W III kwartale PKN Orlen zanotował za to spadek przychodów o 3,7 proc. (do 29,2 mld zł) i czystego zarobku o 39 proc. (do 1,7 mld zł.). Słabsze przychody to konsekwencja niższych notowań produktów rafineryjnych i petrochemicznych na skutek spadku cen ropy. Z kolei zniżka zysku netto wynika głównie z przeszacowania zapasów ropy oraz ujemnego salda netto z tytułu różnic kursowych oraz kosztów odsetkowych.
- Decyzje biznesowe w połączeniu z determinacją w ich realizacji przynoszą wymierne efekty. Konsekwentnie zwiększamy skalę działania. Bardzo dobre wyniki grupy Orlen potwierdzają słuszność naszych decyzji - mówi cytowany w komunikacie prasowym Daniel Obajtek, prezes PKN Orlen. Dodaje, że w III kwartale koncern znacząco wzmocnił też wizerunek i postrzeganie marki Orlen nie tylko w Polsce, ale globalnie, co przełożyło się na kolejne rekordowe zyski w detalu. - Jesteśmy w bardzo dobrej kondycji finansowej, mamy solidną bazę do dalszego rozwoju i realizacji strategicznych projektów, które są tak ważne dla przyszłości grupy Orlen.
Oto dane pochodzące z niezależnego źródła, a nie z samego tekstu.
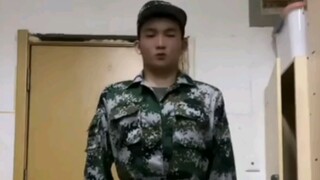 Ketika anak saya kembali dari pelatihan militer, dia harus memamerkan keahliannya.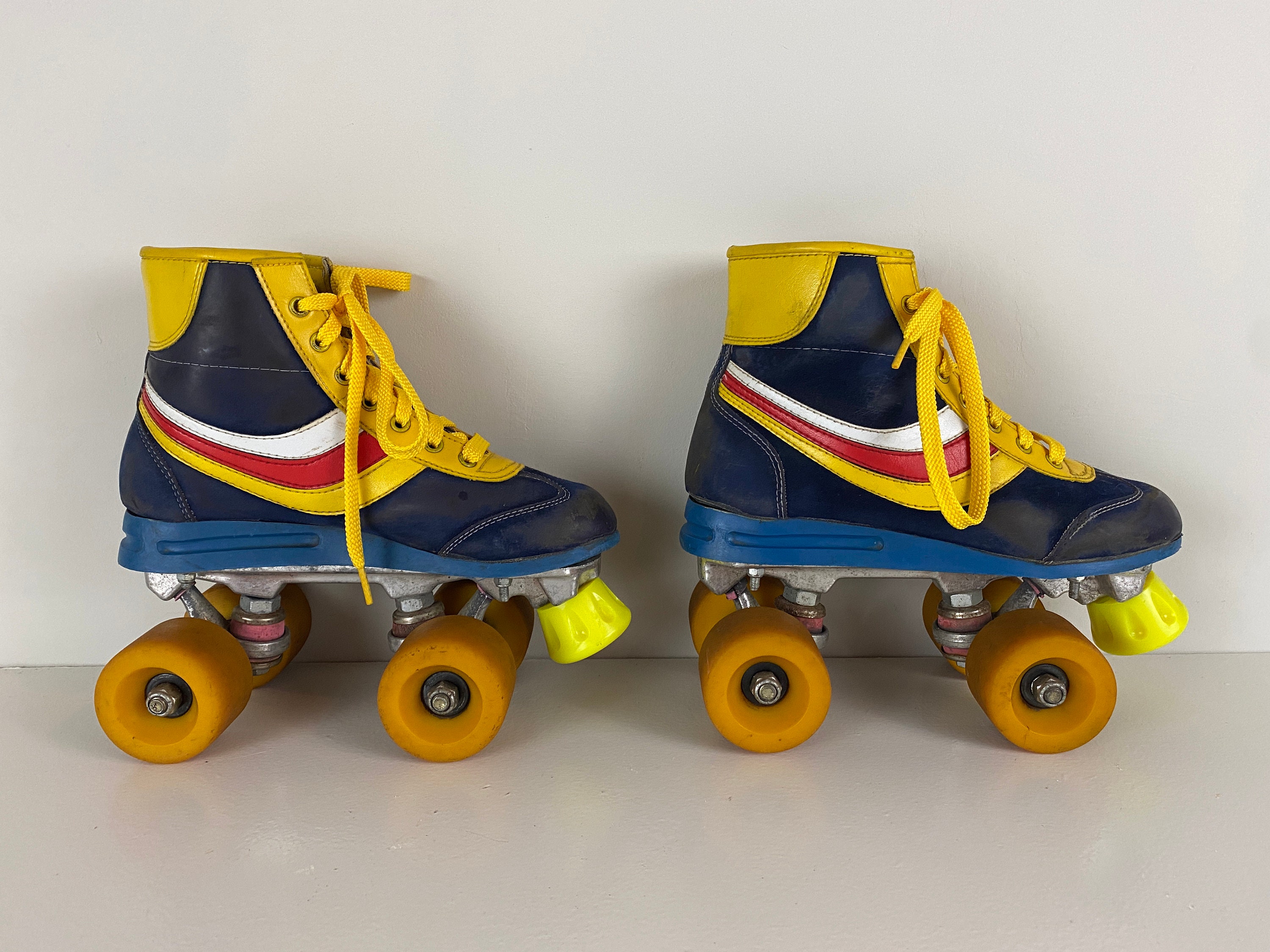 Vintage 70s Retro Roller skates in blue, yellow and rainbow colors in red, yellow and white, Size EU 35 USwoman 4.0, US UK 2.5 Vintage 70s Retro Roller skates in blue, yellow and rainbow colors in red, yellow and white, Size EU 35 USwoman 4.0, US UK 2.5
Szczególnie w kontekście dalszego wzmacniania pozycji na rynku krajowym i zagranicznym - twierdzi Obajtek.
Wypracowane wyniki finansowe są porównywalne z szacowanymi przez analityków, zwłaszcza na poziomie zysku EBITDA LIFO. Słabszy od oczekiwań jest jedynie czysty zarobek.